「私の昭和歌謡レコード史」(14)
今回は異彩なシングル盤を2枚取り上げてみたい。
そのひとつが当時「あごヒゲ」と「アフロヘアー」で「わかるかな、わかんねェだろうナ」のフレーズで爆発的人気を得た漫談家「松鶴家 千とせ」が歌う童謡「夕やけこやけ」を元歌にアレンジした「わかんねェだろうナ」のシングル盤である(写真1 「わかんねェだろうナ」松鶴家千とせ シングル・ジャケット、ビクター SV-6008 / 写真2 同盤レーベル面)。 なんとこのレコードの売り上げは累計150万枚を超え1976年度の「ビクター・レコード」ヒット賞も受賞している。 誰もが知る童謡などを素材にして彼独特の味のあるフレーズを見事に融合させ築き上げたスタイルに聴衆はハマってしまった。 現在も息の長い活躍をされているところも立派である。

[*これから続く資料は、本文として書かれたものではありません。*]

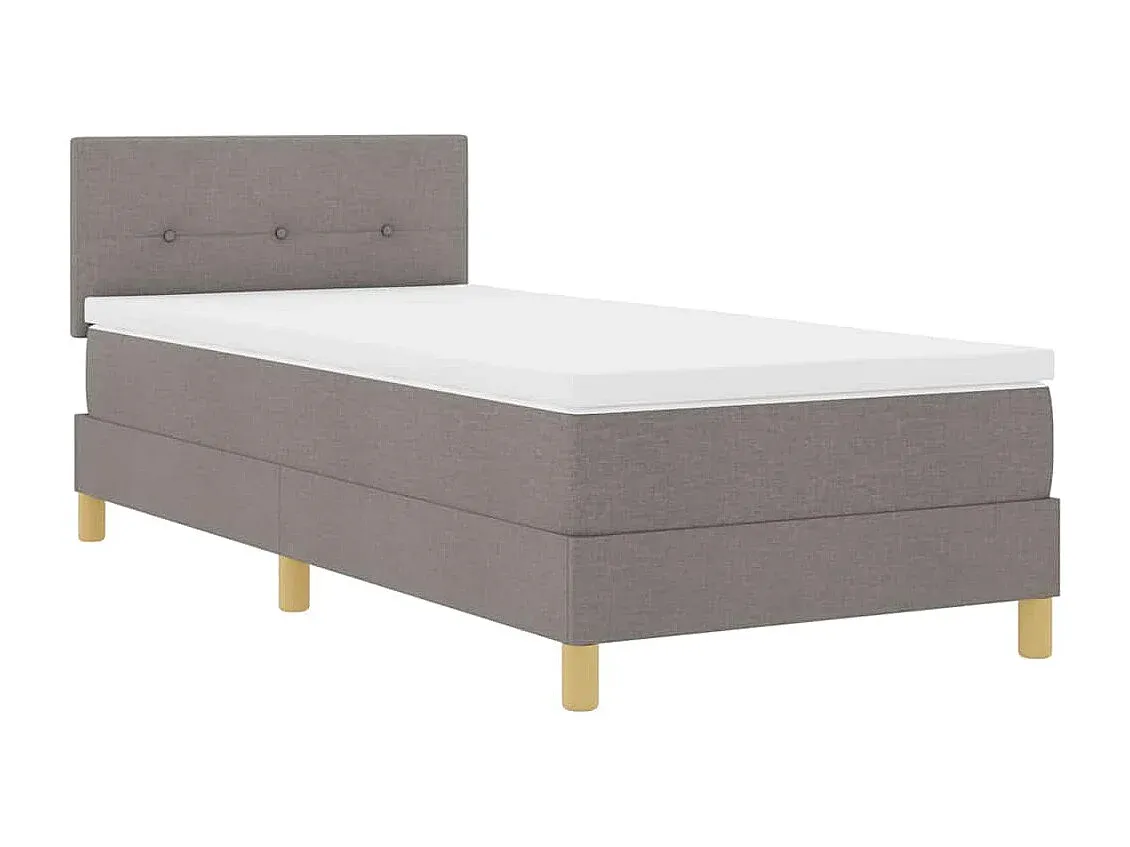 Komfortables Boxspringbett, Taupe, 90 x 200 cm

そして2枚目は1985年リリース、「なぎら健壱」のシングル盤「ラブユー東京スポーツ」である(写真3 「ラブユー東京スポーツ」なぎら健壱 シングル・ジャケット、フォーライフ・レコード-7K-180 / 写真2-同盤レーベル面)。 彼は「フォーク歌手」「俳優」「エッセイスト」等々いくつもの顔を持つタレントである。 タイトルにある「東京スポーツ」は「力道山時代」筆者が小・中学生のころから愛読していた当時駅売り「10円」のプロレス専門スポーツ新聞である。とにかく「赤字」の大げさな見出しが目をひいた。 タイトルのように「東京スポーツ」大好き人間のコミック・ソング、スタジオに聴衆を入れての録音か否かは(?)わからないが拍手も入っている。 また「B面」の曲は「下町」と書いて「まち」とフリガナがふってあるが下町のノスタルジアを歌った味わい深い作品となっている。もちろん両曲とも作詞・作曲は本人「なぎら健壱」である。